Vous trouvez peut-être l’exemple caricatural ? Mais penchez-vous sur les différents fails du design, qui laissent de côté des parts entières de la population par manque de prise en compte de leurs particularités lors de leur conception, comme ces distributeurs de savon ou sèche-mains pour qui les personnes noires sont invisibles ou ces jeux vidéo en réalité virtuelle qui demandent aux joueurs de se saisir de chargeurs de munitions accrochés à leur poitrine, et qui sont de fait inaccessibles aux femmes à cause... de leurs seins. Difficile de passer un mois sans que ne soit révélé ce genre d’erreur de design.
Sur le Web, si les problèmes sont moins physiques, ils ne sont pas forcément moins graves tant les outils digitaux touchent désormais une large partie de notre quotidien. La dématérialisation des services publics, par exemple, montre à quel point de “simples développements Web” peuvent avoir un impact important s’ils ne sont pas réfléchis avec le souci de servir l’ensemble des publics, quel que soit le profil, mais également son niveau de maturité et d’équipement numérique.
Changer de peau
Handicaps, accessibilité, diversité, usages, plateformes technologiques... les facettes de l’inclusivité digitale sont décidément nombreuses et ont même tendance à se multiplier au fil des changements de notre société. Difficile face à cette complexité de promettre une recette miracle pour imaginer, concevoir et créer des services garantis 100% inclusifs. Si le résultat, et la mise en œuvre, sont bien entendu importants, c’est avant tout dans l’intention du projet que se cache la véritable inclusivité.
À qui s’adresse votre plateforme digitale ? Difficile aujourd’hui, tant le Web fait partie de nos vies, de prétendre qu’elle ne s’adresse qu’à la partie de la population la plus connectée, la plus technologiquement à jour et encore qu’elle laisse de côté des porteurs de handicap, des minorités ou les femmes. Chacun doit pouvoir accéder et user des outils numériques de la même façon, en y profitant de la même expérience et sans subir de biais, quel qu’en soit l’origine.

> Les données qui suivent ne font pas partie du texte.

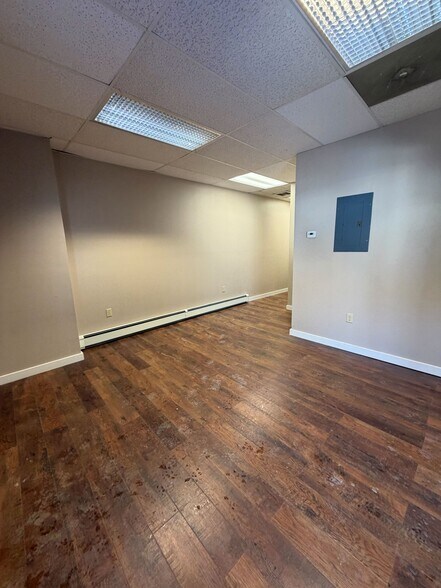 More Photos Of 72-74 Black Mountain Rd, Brattleboro Showroom For Lease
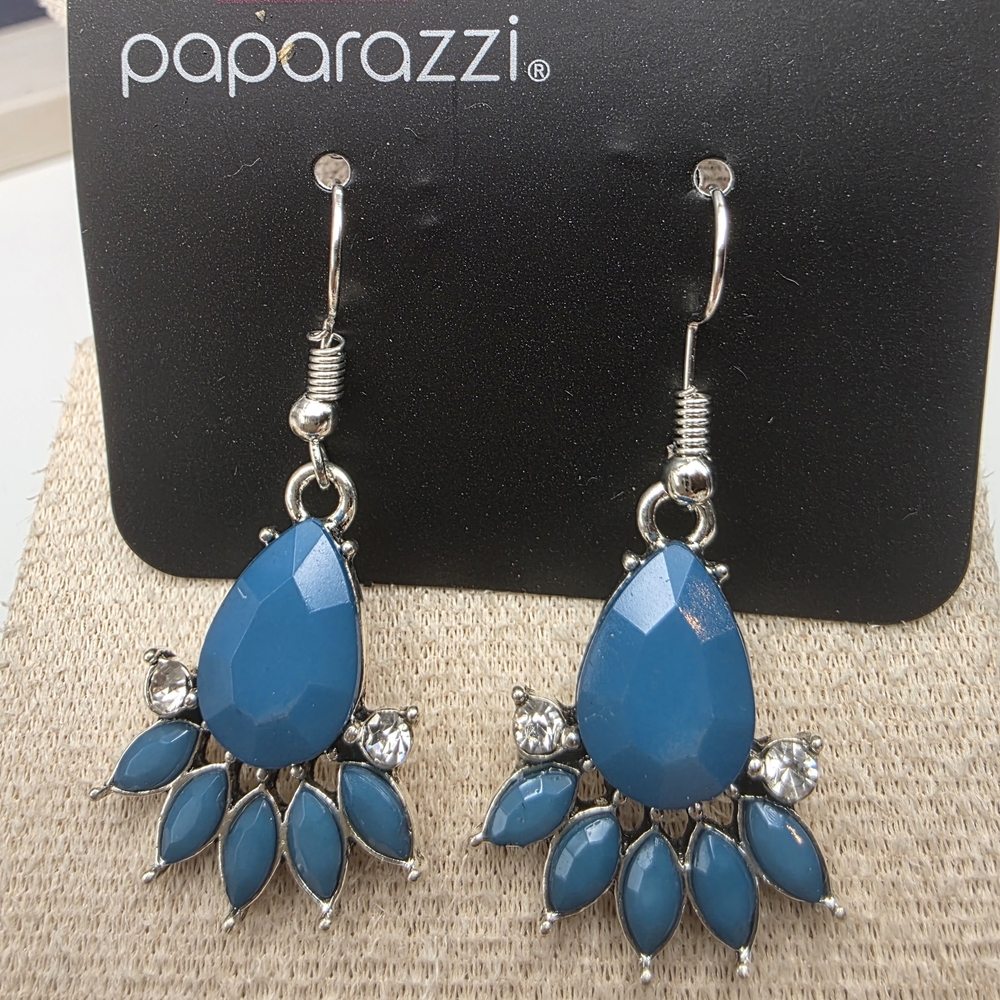 Paparazzi Teardrop Blue and Silver Earrings (759)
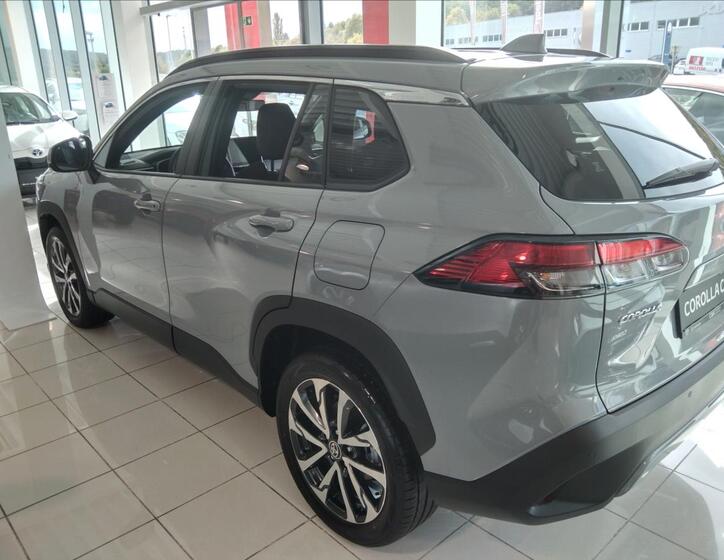 Toyota Corolla Cross 3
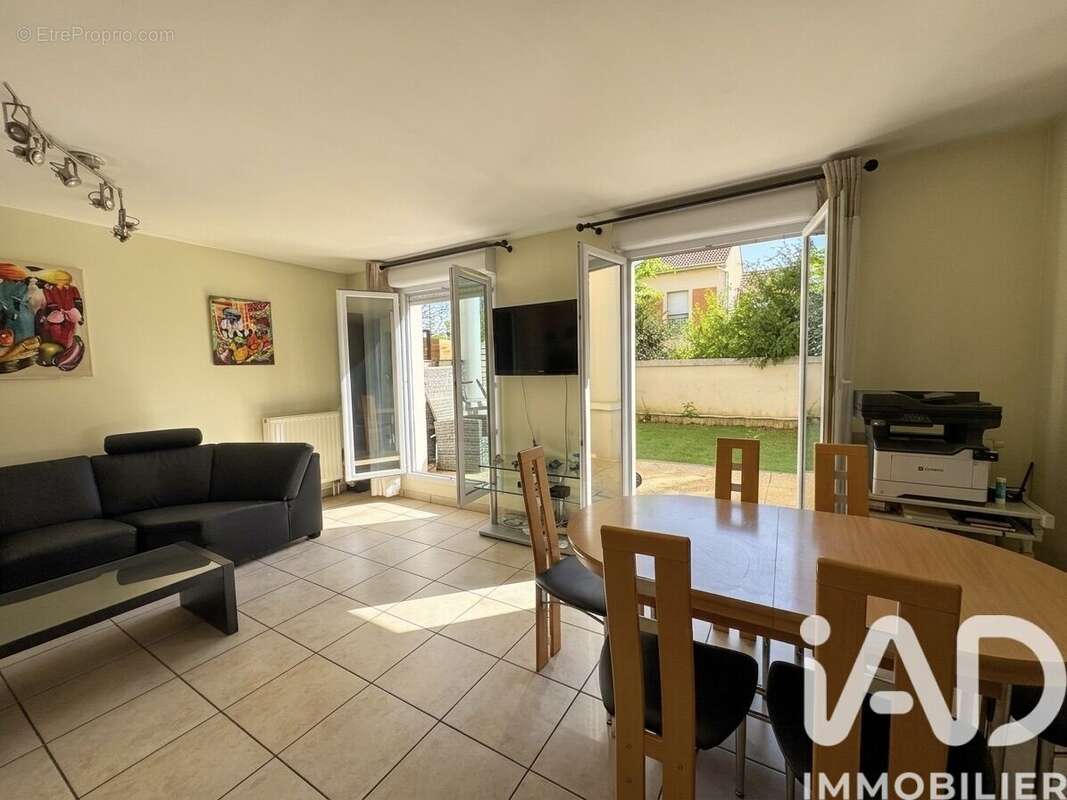 Photo 3 - Appartement à VILLENEUVE-LA-GARENNE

Et pour que cela soit possible, les concepteurs, mais également l’ensemble des équipes qui travaillent sur les projets digitaux, doivent apprendre à changer de peau, à s’interroger et à interroger les autres à chaque étape de leur travail.
Prendre un temps de recul lors des phases de design ou de développement. Faire tester ses idées, ses interfaces, son code à d’autres personnes, à d’autres profils. Élargir ses cercles de discussion et ne pas hésiter à collecter des avis en dehors d’une équipe projet – ou d’une équipe client – qui a trop souvent le nez dans le guidon. Enfin s’assurer, en complément, d’une veille fréquente sur ces usages qui évoluent et sur les exigences souvent changeantes des utilisateurs.
Bref, être ouvert, curieux et inclusif, d’abord soi-même.
Et cultiver le côté profondément humain de notre travail sur les interfaces et outils digitaux. Parce que, ne l’oublions pas, nous faisons avant tout cela pour d’autres humains.